Port St Joe, July 12: Biologist Lorna Patrick dug gingerly into the beach on Friday, gently brushing away sand to reveal dozens of leathery, golfball-sized loggerhead sea turtle eggs.
Patrick, of the US Fish and Wildlife Service, carefully plucked the eggs from the 30cm-deep hole and placed them one-by-one in a cooler layered with moist sand from the nest, the first step in a sweeping and unprecedented turtle egg evacuation to save thousands of threatened hatchlings from certain death in the oiled Gulf of Mexico.

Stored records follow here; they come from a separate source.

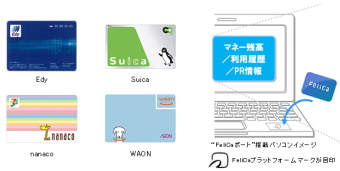 ソニーは4種の電子マネーに対応した電子マネービューワーウィジェットを提供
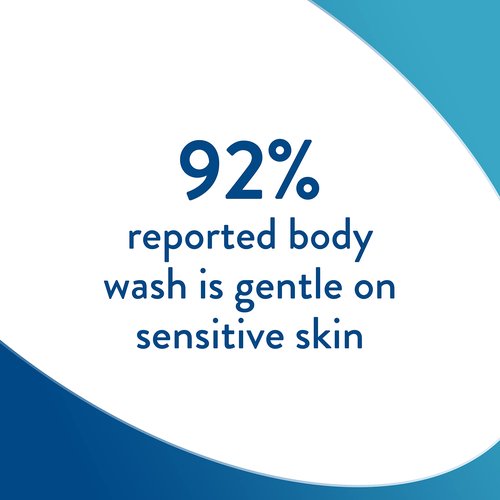 Cetaphil Body Moisturizer, Hydrating Moisturizing Cream for Dry to Very Dry & Body Wash, NEW Moisturizing Relief Body Wash for Sensitive Skin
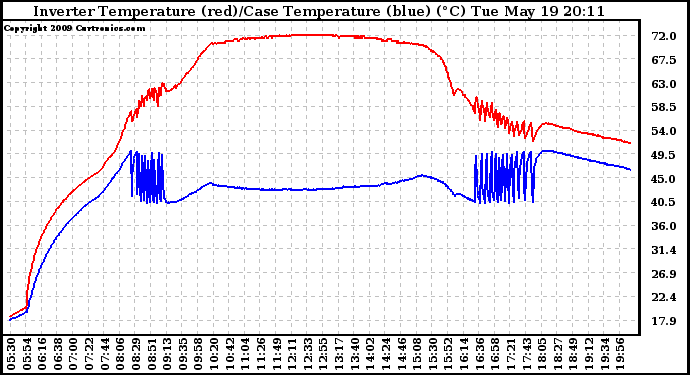 Solar PV/Inverter Performance Inverter Operating Temperature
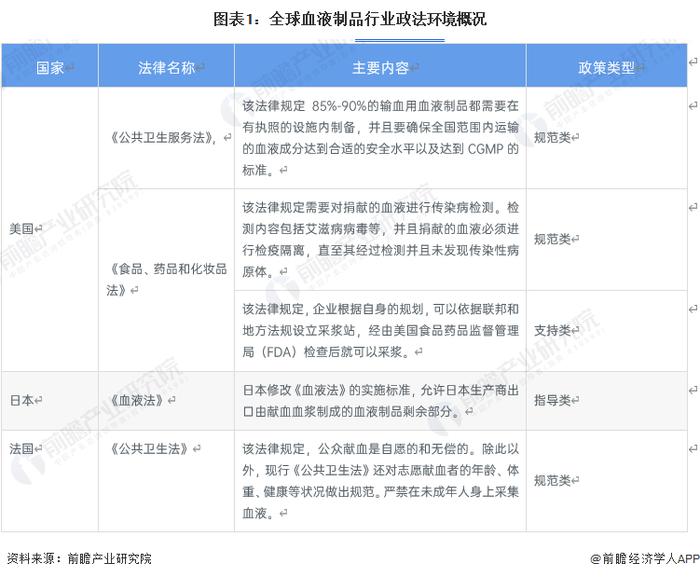 2023年全球血液制品行业区域发展现状分析 全球血液制品行业市场集中度非常高【组图】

After Patrick spent about 90 minutes parting the sand with her fingers like an archaeological dig, 107 eggs were placed in two coolers and loaded onto a FedEx temperature-controlled truck. They are being transported to a warehouse at Florida’s Kennedy Space Centre where they will incubate and, hopefully, hatch before being released into the Atlantic Ocean.
The effort began in earnest along Florida’s Panhandle, with two loggerhead nests excavated. Up to 800 more nests across Alabama and Florida beaches will be dug up in the coming months in an attempt to move some 70 000 eggs to safety.
Scientists fear that if left alone, the hatchlings would emerge and swim into the oil, where most would likely die, killing off a generation of an already imperilled species.